To be sure, there’s one line from the Florida State Board of Education’s new standards that’s generating the most attention, and for good reason: According to the new standards, students are supposed to learn that slaves “developed skills which, in some instances, could be applied for their personal benefit.”

It’s rooted in the idea that somehow that Florida’s young people should know that there might’ve been some upsides to being enslaved. This has faced fierce pushback, and for good reason.

But the larger controversy is about more than one line from a 216-page document. Kevin Kruse, a history professor at Princeton, wrote an analysis, highlighting several parts in which the standards reflected “the clumsy influence of partisan politics.” For example, conservative and Republican figures from history are elevated in the document, which also referenced a civil rights law that doesn’t exist.

Kevin Drum added in a related analysis, “In the high school section, instruction for the antebellum period includes 28 separate standards, of which more than a third (10 of 28) are related to abolition and other efforts to restrain slavery. Only two — if I’m counting generously — have anything to say about the conditions of slavery. Only one is about conditions in America itself, and it’s deliberately phrased to make it seem like Southern plantations were not so bad, comparatively speaking.”
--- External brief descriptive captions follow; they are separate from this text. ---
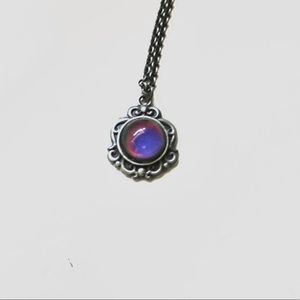 Little cute mood necklace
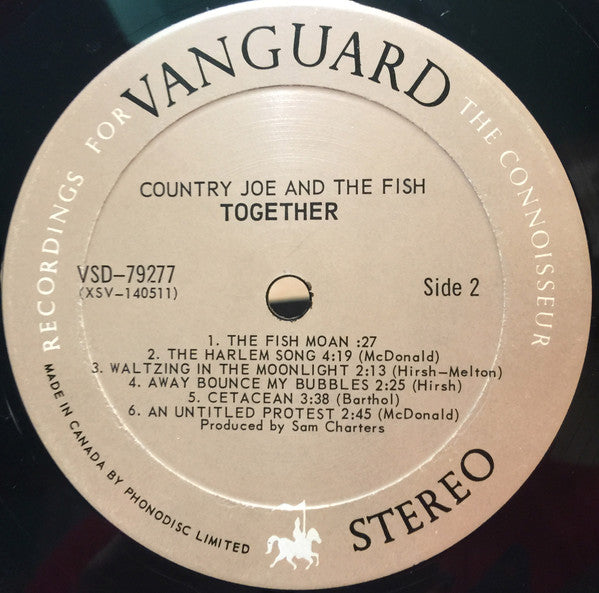 Country Joe And The Fish : Together (LP, Album, Gat)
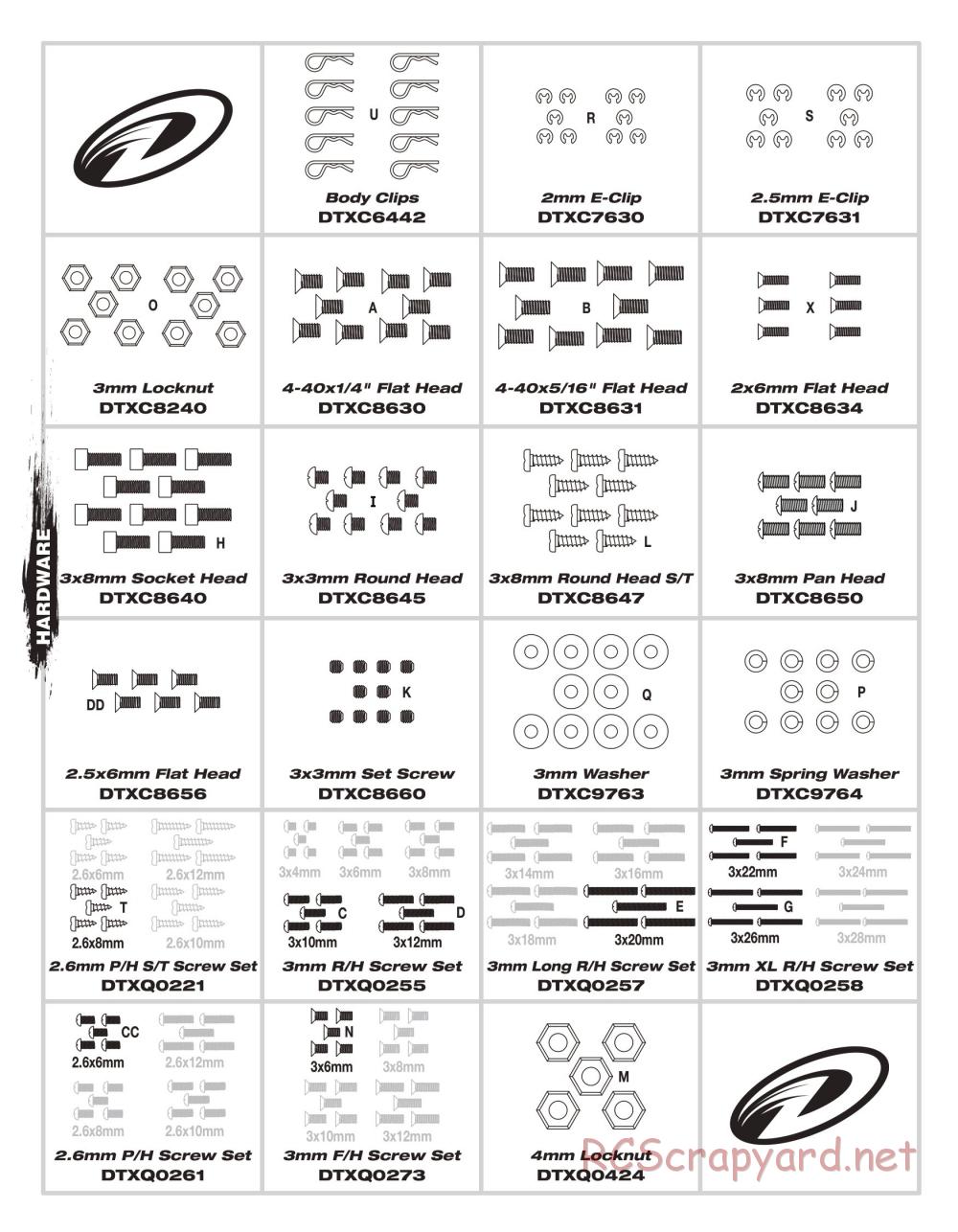 Duratrax - Evader EXT2.4 - Exploded Views - Page 9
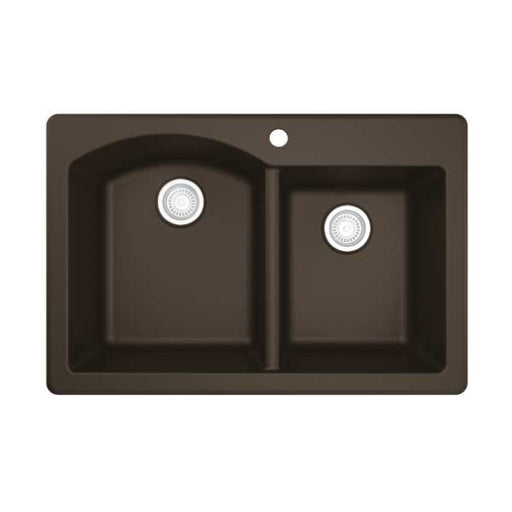 Quartz Composite Brown Kitchen Sink Matte 1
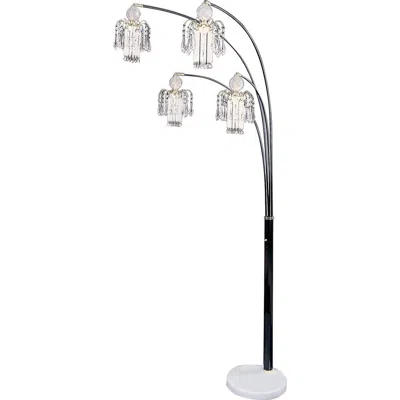 Coaster Co. Of America Maisel Floor Lamp With 4 Staggered Shades Black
For his part, the governor’s initial line was that he “wasn’t involved” in the creation of the standards. “I didn’t do it and I wasn’t involved in it,” DeSantis argued.

This attempt at avoiding responsibility might’ve been more persuasive if the Florida Republican hadn’t appointed the board members who wrote and approved the controversial standards.

But just as notable was DeSantis’ other line to reporters on Friday: In reference to his state’s new standards, the struggling presidential candidate said, “They’re probably going to show that some of the folks that eventually parlayed, you know, being a blacksmith into doing things later in life.”

In other words, as DeSantis sees it, the most controversial line in the Florida State Board of Education’s new standards is entirely defensible, and slavery indirectly benefited “some of the folks” who were bought, sold, and treated as property.

Let’s also note for context that DeSantis not only majored in history at Yale, he also worked as a history teacher. The far-right candidate, in other words, really ought to know better.

In case this weren’t quite enough, after Vice President Kamala Harris denounced the new state standards in no uncertain terms —  “They want to replace history with lies,” she said in remarks delivered in Jacksonville — DeSantis thought it’d be a good idea to respond to her by accusing the vice president of trying to “chirp” and “demagogue.”

If the governor thinks these responses are helping, or making himself or Florida look better, he’s mistaken.